For Progress Online, September 2010:
Did the Coalition really spend thousands of pounds changing the name of the Office of the Third Sector to the Office of Civil Society because Dave “didn’t like the name”? Civil Society, the OCS web site tells us, is made up of “charities, social enterprises and voluntary organisations.” So both ‘civil society’ and ‘third sector’ fit.
Or do they? I like the idea of a third sector, at an apex of an equilateral triangle, counterbalancing and complementing the public and the private, equal in esteem. And civil society, as any student of developing countries will tell you, includes more than just “charities, social enterprises and voluntary organisations.”
A woman from west Africa asked a conference in London earlier this year: “Who is this ‘civil society’, anyway? Why can’t we be represented by the trade unions, like we always have?” Trade unions are part of civil society, by any definition, as are political parties, pressure groups and academic institutions. So too are philanthropists and informal volunteers, which remain within OCS but don’t apparently warrant a mention in their rubric. OCS will not oversee these other interests so ‘Office of Civil Society’ is not a good name.
Rant over. It’s not what OCS is called but what it does that should concern us.
Like any other government body, OCS is charged with helping reduce the deficit, so plans to cut funding by 40% are being drawn up. Carrots are being dangled before “charities, social enterprises and voluntary organisations”, such as more opportunities to win service delivery contracts and unprecedented ten-year funding agreements.
But these chalices have been poisoned.
Nick Hurd has said that unit costs for contractual outcomes will have to be reduced and that full cost recovery is to be jettisoned. Full cost recovery – the principle that charities, social enterprises and voluntary organisations should not need to subsidise the services they provide on contract – has been hard won. It is the key to the professional standing achieved by third sector service providers in recent years. It is also inextricably bound up with the Compact, the recently refreshed memorandum of understanding between government and the sector. When Francis Maude told his ministerial colleagues that decisions to cut funding to the sector should be ‘Compact compliant’ did he really mean ‘except for full cost recovery?’
It gets worse. OCS’s 42 ‘strategic partners’ are to be reduced to 15 in 2011. There will be less money for grants.
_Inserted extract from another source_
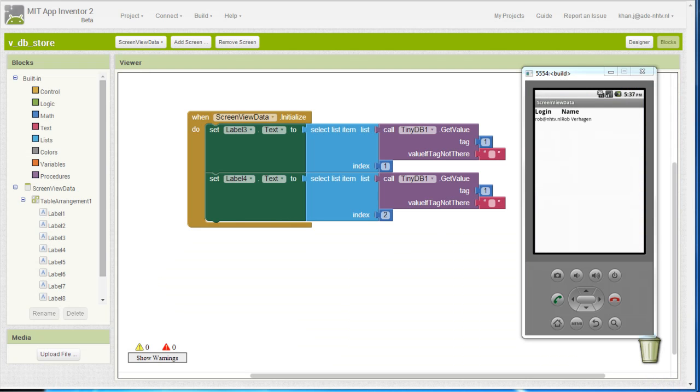So the emulator restarted and as you can see, this is the result that I expected.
Arbitrary new rules will ensure that no group gets more than half of its funding from OCS nor more than £500,000 a year from them.
Four organisations currently receive more than 70% of their funding from OCS and no fewer than seven, including most third sector umbrella groups, are caught by the half a million rule. Six of these could lose up to a million pounds a year each, but one organisation will feel that it is being especially targeted.
Over four years ‘v’ has generated imagination, enthusiasm and volunteering opportunities for almost a million young people. The greatest proportion of its £39M direct funding last year came from Government. Earlier this month the OCS and the Department for Education between them made an immediate cut of £10M in v’s funding, leading to over 90 redundancies.
If this is a taste of things to come, who’s next for the chop?